During the winter months a course on neurology, embracing especially the anatomy of the nervous system, was given by Dr. Meyer; also occasional instruction on methods, clinical and pathological. Apart from the current work in the laboratory, the minute study of special specimens and the preparation of material to illustrate the normal histology of the nervous system were carried on. Among these studies we mention: (1) a case of middle ear disease with acute facial and auditory paralysis and typical secondary lesions in the medulla oblongata (to appear in the Journal of Experimental Medicine "); (2) a histological study of the nervous system of one of Dr. Sanger Brown's cases of heredo-ataxia (to appear in Brain"); (3) the nervous system of an anencephalus, and of normal fetal brains (cut in complete series); (4) the secondary degenerations in a case of infantile hemiplegia with sclerosis of the temporal and parieto-occipital lobe of one hemisphere (also cut in complete series); (5) normal series of the human brain stem,

etc.; (6) studies of brain cells in various forms of insanity, partly communicated by Dr. Meyer at the meeting of the Medico-Psychological Association in Baltimore.

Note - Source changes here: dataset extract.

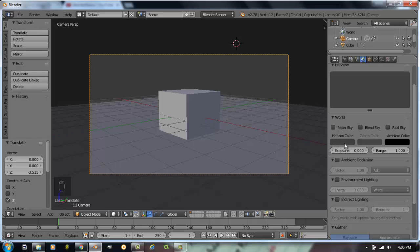What we want to look at right now is the horizon color, zenith color, and ambient color. I rarely ever mess with ambient color.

During the second term (January to March, 1897) a series of lectures and clinics to the students in psychology of Clark University was given, in which the medical staff of the hospital took part. During the summer school a course of ten lectures at Clark University and two clinical demonstrations at the hospital were arranged.

This plan may safely be said to have grown, on a natural basis, out of the conditions present in the hospital, and to be the outcome of the medical needs of the institution. Its aim is to do the best that medical science can do for the patients, and to gather from the experience, systematically and conscientiously, all that may benefit the work. Thus it becomes incidently a plan for research work, in the same way as every physician will try to use his experience for the future, — only with the advantage that the co-operation of ten physicians, with the same methods and the same aim in view, will be likely to be more fortunate in the results of research than one physician alone can expect to be. "Efficiency of the work on ground of well-sifted experience" is its purpose; it is not put on the basis of experimental stations, of which the financial spirit of the administration might urge results in the shape of startling discoveries or a discontinuance of the financial support. Although we may confidently expect that, in time, results of great scientific value will of necessity come from such a plan, its true raison d'etre rests upon the added interest and efficacy which it gives to the every-day work of the hospital, to say nothing of its direct and immediate effect upon the patient, in that it assures him that he is being treated individually, rather than en masse.

The principal point is that all the physicians are kept in contact with the best work that literature gives evidence of, with the best methods that we can agree upon, and with a spirit which considers guess-work the most dangerous enemy of medical practice. With this attitude, every physician is likely to do his best work in all his relations to the patient and to the administration of the hospital.